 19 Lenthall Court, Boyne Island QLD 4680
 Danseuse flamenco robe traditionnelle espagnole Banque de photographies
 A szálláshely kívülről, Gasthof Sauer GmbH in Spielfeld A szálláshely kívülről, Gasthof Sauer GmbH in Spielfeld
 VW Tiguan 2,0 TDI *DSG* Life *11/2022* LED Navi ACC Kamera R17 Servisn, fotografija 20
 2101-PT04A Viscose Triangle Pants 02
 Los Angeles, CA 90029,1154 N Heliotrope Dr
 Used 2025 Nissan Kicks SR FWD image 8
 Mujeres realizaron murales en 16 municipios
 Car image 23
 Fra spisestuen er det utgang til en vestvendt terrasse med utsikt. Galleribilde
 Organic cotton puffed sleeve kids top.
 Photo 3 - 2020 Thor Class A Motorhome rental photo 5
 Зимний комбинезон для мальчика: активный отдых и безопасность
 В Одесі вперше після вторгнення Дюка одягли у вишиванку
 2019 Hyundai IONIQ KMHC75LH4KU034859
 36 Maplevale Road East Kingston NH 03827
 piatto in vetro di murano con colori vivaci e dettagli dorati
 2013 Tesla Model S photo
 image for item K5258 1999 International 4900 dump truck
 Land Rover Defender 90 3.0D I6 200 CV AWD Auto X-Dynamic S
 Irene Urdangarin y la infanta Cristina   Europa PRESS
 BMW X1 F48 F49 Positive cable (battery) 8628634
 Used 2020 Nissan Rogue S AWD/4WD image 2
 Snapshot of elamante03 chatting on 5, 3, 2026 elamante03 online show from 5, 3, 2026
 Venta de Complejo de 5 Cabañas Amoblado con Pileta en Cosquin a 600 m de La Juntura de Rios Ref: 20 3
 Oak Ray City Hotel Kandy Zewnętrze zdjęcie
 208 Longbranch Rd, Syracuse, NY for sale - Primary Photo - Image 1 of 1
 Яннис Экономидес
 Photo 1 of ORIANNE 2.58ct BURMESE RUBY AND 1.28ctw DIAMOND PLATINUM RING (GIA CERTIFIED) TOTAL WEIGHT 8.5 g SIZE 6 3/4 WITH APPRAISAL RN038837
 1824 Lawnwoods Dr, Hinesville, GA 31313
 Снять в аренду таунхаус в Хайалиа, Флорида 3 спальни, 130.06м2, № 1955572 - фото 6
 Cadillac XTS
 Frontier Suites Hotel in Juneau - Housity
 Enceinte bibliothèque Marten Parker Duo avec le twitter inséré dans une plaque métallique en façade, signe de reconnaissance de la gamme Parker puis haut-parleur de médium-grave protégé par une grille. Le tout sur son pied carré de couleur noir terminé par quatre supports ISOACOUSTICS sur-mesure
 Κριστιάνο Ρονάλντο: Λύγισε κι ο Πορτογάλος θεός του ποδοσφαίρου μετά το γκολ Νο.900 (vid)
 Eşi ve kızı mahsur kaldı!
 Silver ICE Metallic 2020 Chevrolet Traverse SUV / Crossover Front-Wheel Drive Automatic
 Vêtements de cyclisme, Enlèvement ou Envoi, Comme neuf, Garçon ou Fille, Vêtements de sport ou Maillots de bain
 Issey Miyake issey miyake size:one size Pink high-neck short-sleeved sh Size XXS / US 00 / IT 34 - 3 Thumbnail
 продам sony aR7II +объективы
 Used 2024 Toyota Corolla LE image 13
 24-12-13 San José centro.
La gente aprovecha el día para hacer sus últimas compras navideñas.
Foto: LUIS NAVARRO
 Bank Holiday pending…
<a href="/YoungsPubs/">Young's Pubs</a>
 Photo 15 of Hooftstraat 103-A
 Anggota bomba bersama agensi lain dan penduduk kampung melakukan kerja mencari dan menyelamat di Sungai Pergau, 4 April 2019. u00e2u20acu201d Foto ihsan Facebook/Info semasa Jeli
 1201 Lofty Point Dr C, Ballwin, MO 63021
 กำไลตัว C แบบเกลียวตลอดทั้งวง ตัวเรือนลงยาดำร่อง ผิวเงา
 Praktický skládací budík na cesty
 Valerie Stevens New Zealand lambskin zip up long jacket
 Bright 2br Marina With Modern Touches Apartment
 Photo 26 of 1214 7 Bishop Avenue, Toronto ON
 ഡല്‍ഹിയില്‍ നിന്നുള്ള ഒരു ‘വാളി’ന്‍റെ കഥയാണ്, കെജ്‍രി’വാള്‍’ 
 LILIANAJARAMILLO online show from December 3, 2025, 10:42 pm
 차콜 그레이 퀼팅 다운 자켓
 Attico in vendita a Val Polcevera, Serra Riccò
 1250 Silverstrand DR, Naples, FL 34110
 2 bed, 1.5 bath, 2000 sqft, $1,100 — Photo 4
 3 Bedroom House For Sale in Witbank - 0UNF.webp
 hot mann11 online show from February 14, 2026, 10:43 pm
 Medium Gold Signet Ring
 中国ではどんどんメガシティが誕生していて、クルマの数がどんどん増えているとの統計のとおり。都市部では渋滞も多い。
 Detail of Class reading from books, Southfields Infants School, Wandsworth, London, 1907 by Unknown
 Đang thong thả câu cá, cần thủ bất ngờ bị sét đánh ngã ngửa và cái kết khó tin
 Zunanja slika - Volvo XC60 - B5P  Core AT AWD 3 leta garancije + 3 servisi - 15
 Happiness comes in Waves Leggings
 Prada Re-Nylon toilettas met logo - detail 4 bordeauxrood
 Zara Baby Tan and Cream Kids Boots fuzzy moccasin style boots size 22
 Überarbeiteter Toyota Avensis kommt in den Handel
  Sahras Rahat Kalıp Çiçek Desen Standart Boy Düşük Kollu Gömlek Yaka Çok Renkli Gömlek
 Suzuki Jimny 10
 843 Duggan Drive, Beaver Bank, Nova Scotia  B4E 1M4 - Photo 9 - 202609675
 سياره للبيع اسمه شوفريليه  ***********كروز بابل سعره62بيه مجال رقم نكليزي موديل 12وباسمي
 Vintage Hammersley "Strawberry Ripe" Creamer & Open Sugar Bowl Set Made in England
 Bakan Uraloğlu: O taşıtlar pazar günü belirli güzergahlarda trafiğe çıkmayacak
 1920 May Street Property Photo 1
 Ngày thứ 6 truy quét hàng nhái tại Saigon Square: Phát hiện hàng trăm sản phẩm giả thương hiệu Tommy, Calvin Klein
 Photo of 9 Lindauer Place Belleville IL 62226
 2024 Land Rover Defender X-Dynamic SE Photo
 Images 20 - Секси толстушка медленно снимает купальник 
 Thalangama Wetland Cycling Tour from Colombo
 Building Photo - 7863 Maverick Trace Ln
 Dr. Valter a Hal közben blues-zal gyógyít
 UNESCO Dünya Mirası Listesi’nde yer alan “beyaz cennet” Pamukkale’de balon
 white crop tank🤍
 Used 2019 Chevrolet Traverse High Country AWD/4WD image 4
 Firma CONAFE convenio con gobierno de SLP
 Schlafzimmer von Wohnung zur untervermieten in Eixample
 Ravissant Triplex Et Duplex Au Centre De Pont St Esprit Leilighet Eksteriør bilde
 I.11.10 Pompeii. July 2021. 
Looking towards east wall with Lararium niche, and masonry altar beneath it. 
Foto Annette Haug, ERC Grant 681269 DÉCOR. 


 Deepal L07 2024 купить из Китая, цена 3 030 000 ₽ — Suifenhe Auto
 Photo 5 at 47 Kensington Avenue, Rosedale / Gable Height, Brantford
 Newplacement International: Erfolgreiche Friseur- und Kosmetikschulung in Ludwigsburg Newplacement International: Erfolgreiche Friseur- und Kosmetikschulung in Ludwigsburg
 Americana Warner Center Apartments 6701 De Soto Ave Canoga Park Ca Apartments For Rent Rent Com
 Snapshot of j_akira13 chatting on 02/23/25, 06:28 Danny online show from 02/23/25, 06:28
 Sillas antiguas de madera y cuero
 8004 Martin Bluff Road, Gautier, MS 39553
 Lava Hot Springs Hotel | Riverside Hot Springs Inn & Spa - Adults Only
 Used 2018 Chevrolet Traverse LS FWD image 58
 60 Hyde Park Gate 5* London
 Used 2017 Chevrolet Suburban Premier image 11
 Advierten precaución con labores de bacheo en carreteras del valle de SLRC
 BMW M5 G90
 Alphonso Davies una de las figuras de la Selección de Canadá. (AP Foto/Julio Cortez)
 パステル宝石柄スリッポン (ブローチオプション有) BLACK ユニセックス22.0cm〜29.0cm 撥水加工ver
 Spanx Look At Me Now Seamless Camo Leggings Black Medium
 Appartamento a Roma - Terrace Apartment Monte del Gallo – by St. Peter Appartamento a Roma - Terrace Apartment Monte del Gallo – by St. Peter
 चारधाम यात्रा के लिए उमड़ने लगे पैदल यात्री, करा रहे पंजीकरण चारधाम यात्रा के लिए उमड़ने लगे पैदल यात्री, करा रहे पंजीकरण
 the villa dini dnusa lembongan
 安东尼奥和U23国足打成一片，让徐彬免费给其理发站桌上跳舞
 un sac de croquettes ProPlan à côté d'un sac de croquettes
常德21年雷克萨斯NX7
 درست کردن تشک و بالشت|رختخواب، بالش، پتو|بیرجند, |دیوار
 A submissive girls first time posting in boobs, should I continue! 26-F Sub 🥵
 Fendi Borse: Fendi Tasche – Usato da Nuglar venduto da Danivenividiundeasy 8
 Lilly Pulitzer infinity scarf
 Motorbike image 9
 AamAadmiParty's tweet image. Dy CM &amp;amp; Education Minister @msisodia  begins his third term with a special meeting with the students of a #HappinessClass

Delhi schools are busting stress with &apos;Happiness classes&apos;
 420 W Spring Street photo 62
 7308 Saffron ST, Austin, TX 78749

◇ ◇ ◇

[Prompt]
Go through the material above and count the lines that contain "Rover"; answer with the number alone.

[Result]
2